| Exercise |
The output should be the listing below, limited to the lines from the one with "Cáp Sạc Nhanh" through the one with "Herry Katlı Paça Yüksek Bel Jean", exact and without pictures.

| Data for this task |

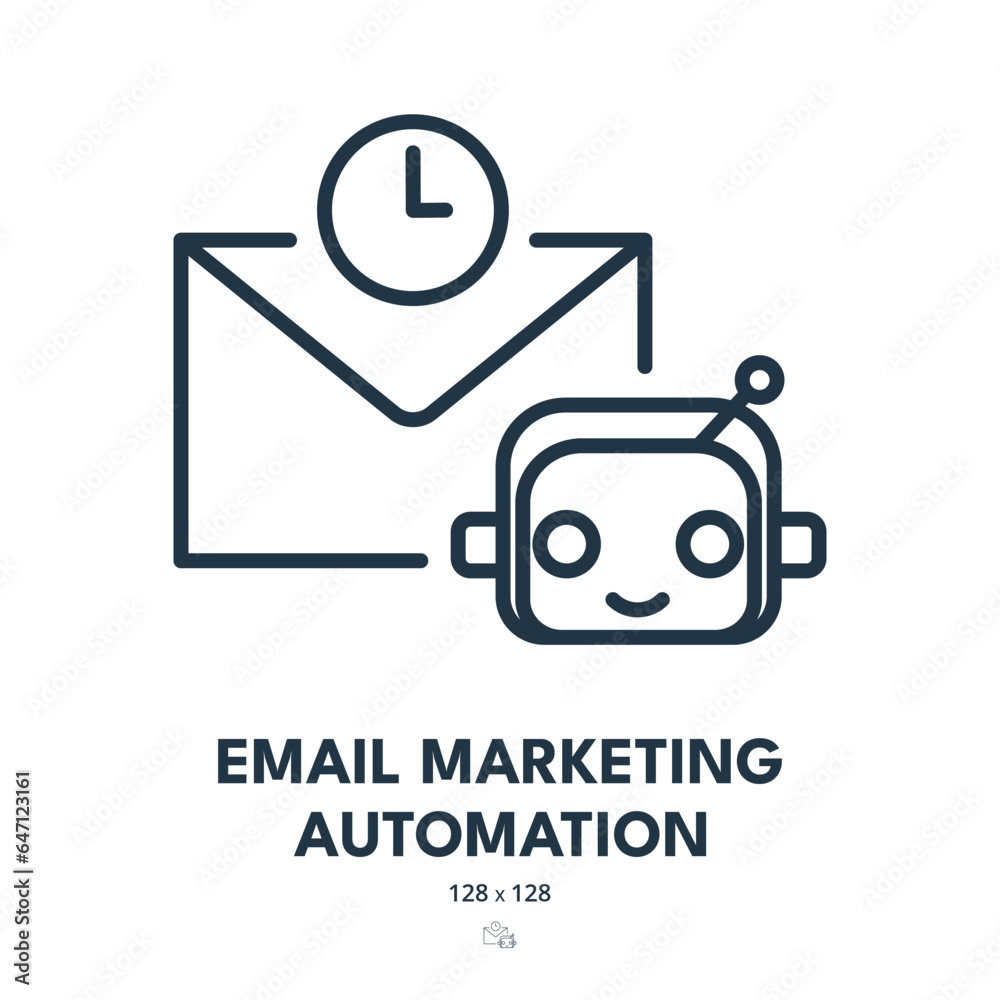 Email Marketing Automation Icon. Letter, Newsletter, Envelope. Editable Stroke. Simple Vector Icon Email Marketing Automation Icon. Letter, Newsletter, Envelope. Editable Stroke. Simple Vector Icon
--
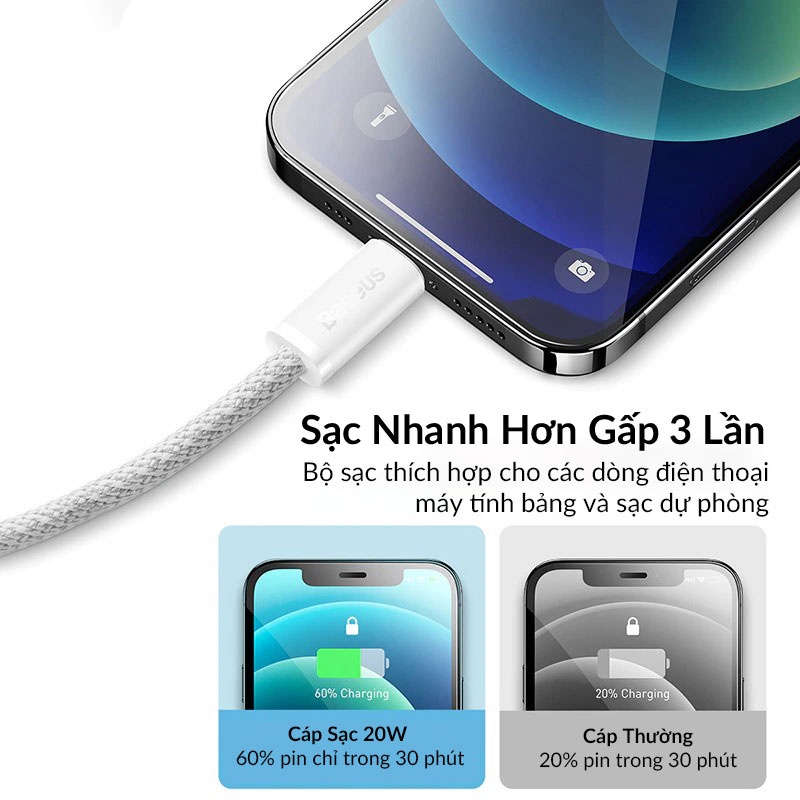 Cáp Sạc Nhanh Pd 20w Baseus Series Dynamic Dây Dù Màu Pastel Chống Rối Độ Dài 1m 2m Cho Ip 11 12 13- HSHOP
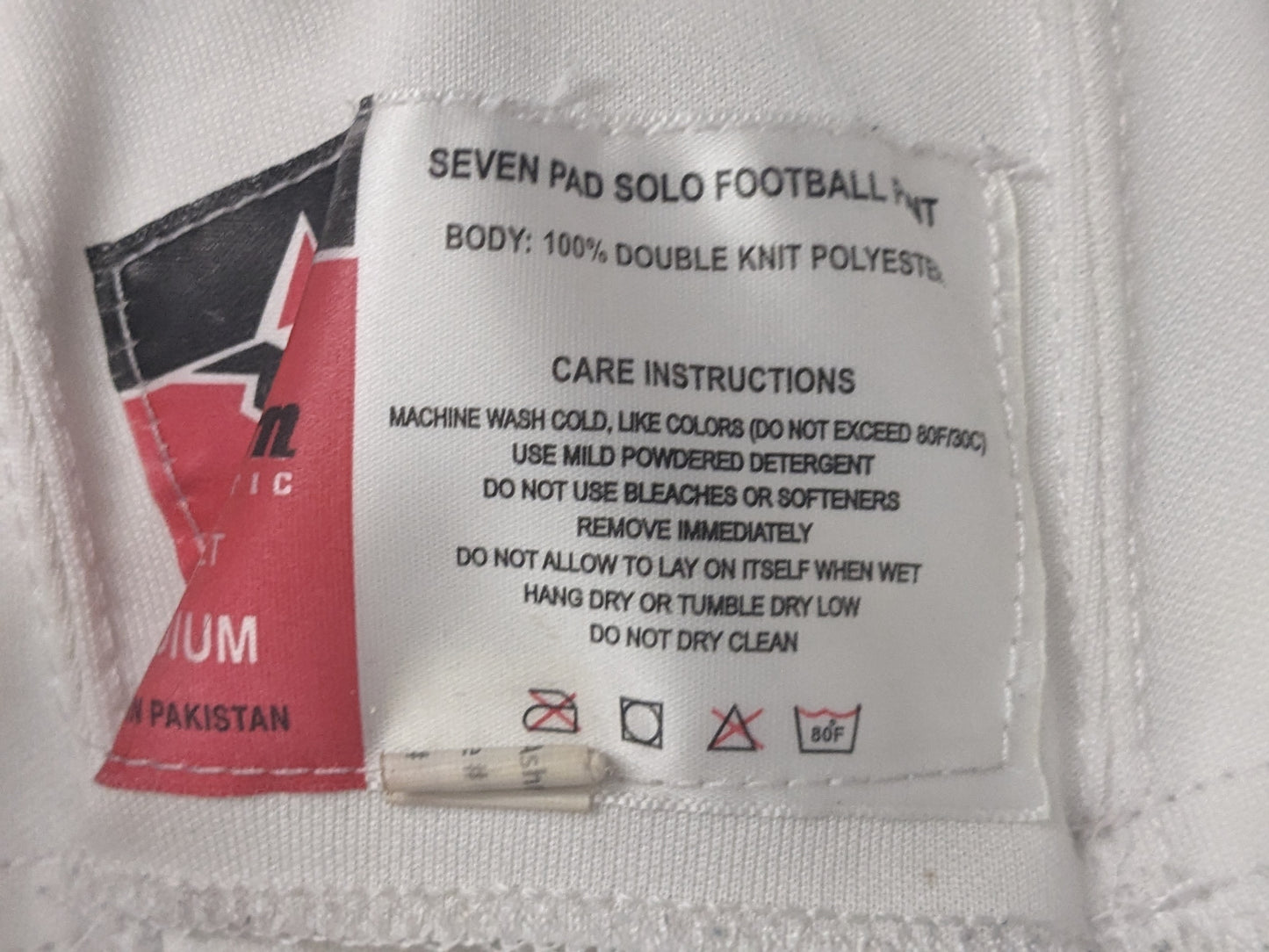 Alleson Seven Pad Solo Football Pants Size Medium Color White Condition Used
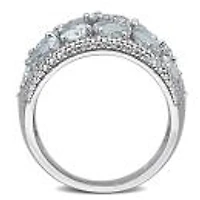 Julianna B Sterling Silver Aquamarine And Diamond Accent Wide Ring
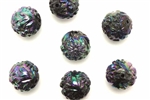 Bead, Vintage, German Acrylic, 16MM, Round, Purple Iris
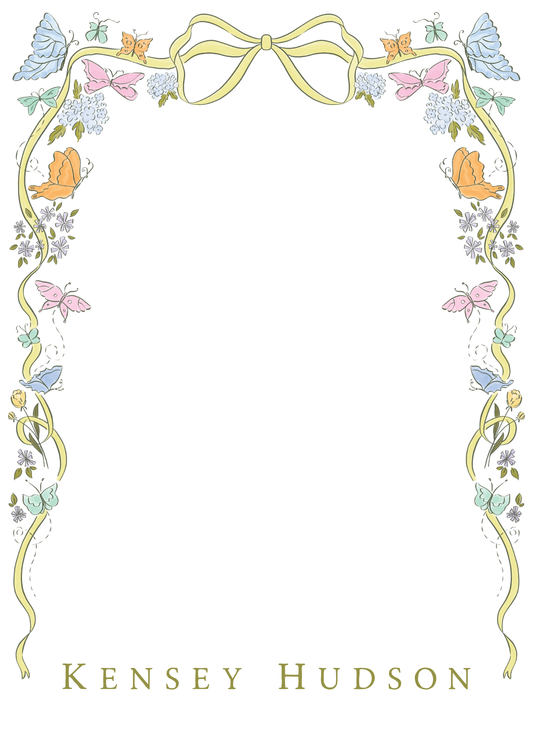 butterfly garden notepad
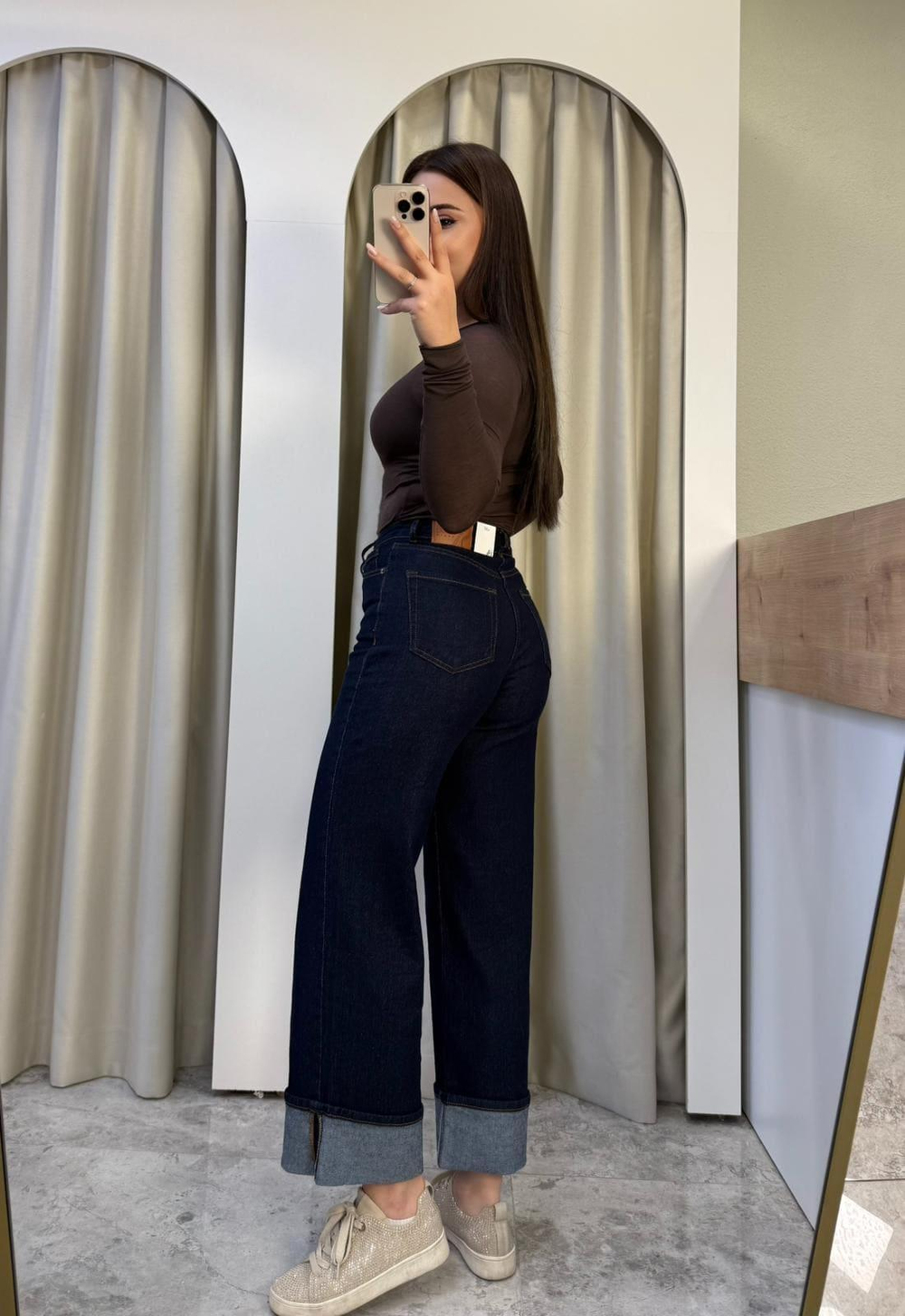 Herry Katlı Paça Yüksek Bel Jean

| Final answer |
 Cáp Sạc Nhanh Pd 20w Baseus Series Dynamic Dây Dù Màu Pastel Chống Rối Độ Dài 1m 2m Cho Ip 11 12 13- HSHOP
 Alleson Seven Pad Solo Football Pants Size Medium Color White Condition Used
 Julianna B Sterling Silver Aquamarine And Diamond Accent Wide Ring
 Bead, Vintage, German Acrylic, 16MM, Round, Purple Iris
 butterfly garden notepad
 Herry Katlı Paça Yüksek Bel Jean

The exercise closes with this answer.